As the 30-day deadline within which President Muhammadu Buhari, was expected to sign the amended electoral bill forwarded to him by the National Assembly on November 19, ended last night, stakeholders in the political space have braced themselves for the aftermath of the President’s action or inaction on the bill.
Prior to receipt of the bill one month ago, there have been appeals from different quarters to the President, including the diplomatic community, that he should pen his signature on the bill to give the 2023 elections a fresh constitutional process.
While the President did not give any hint at any possibility of assent since he received the electoral bill up to when this newspaper went to bed last night, his Minister of Justice and Attorney- General of the Federation, Abubakar Malami (SAN), wrote a letter to him highlighting the problems with the inclusion of mandatory direct primaries in the Electoral Act amendment bill.
According to the provisions of the constitution, if after 30 days, the President refuses to sign the bill and the National Assembly is not in support of the President’s amendments, the Senate and the House of Representatives can recall the bill and pass it.
If the bill is passed in the form it was sent to the President by two-thirds majority votes in both chambers, the bill automatically becomes law even without the signature of the President.
Few weeks ago, the President wrote a letter to the Independent National Electoral Commission, seeking the opinion of INEC over the matter.
Recently, reports in sections of the media said the president had conceded to pressure from some governors of his party, the ruling All Progressives Congress (APC) and withheld his assent to the bill, because of the excuse that direct primaries would be too expensive to run.
However, the presidency and the National Assembly debunked the report as false, stating that the President had not taken any decision on the bill.
Recall that President Buhari did not sign a similar bill into law before the last general elections “because he felt that the exercise was too close and doing so might jeopardise the contest.”
The National Assembly equally failed to override the president’s decision by passing the document into law by a two-thirds majority.
Speaking to New Telegraph, permanent repre sentative of the Centre For Convention on Democratic Integrity (CCDI) to the United Nations, Mr. Olufemi Aduwo, said political parties should immediately purge themselves of inefficiency whether the president signed or not.
He said: “Please note that a direct party primary is as huge in organisation as a general election. Think back at how that is done in the US. It is even manageable in the US because it is just two political parties involved and direct primaries are not applicable in every state.
“Too often when the legislature in Nigeria heaps responsibilities on INEC and the citizens excitedly support that, they seem to lose sight of the fact that we have many political parties in Nigeria who should be equally monitored, not just the so-called ‘major’ political parties.”
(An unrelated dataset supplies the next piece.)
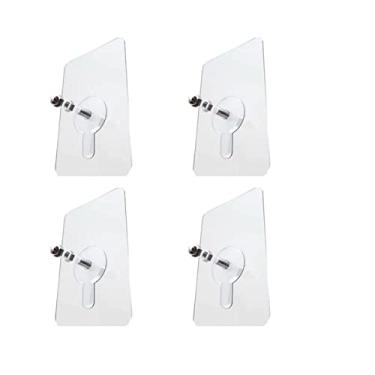 Imagem de Kit 4 Suporte Gancho Adesivo Parafuso Multiuso Para Pendurar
Meanwhile, it was learnt that the INEC will still keep to its plans of ensuring that the 2023 general elections are conducted in a free and fair mode, regardless of whether the president signs the bill or withholds his assent.
A source within the electoral commission said the INEC leadership already made his position known to the presidency when it was consulted and the body is disposed to any decision taken by the President on the bill.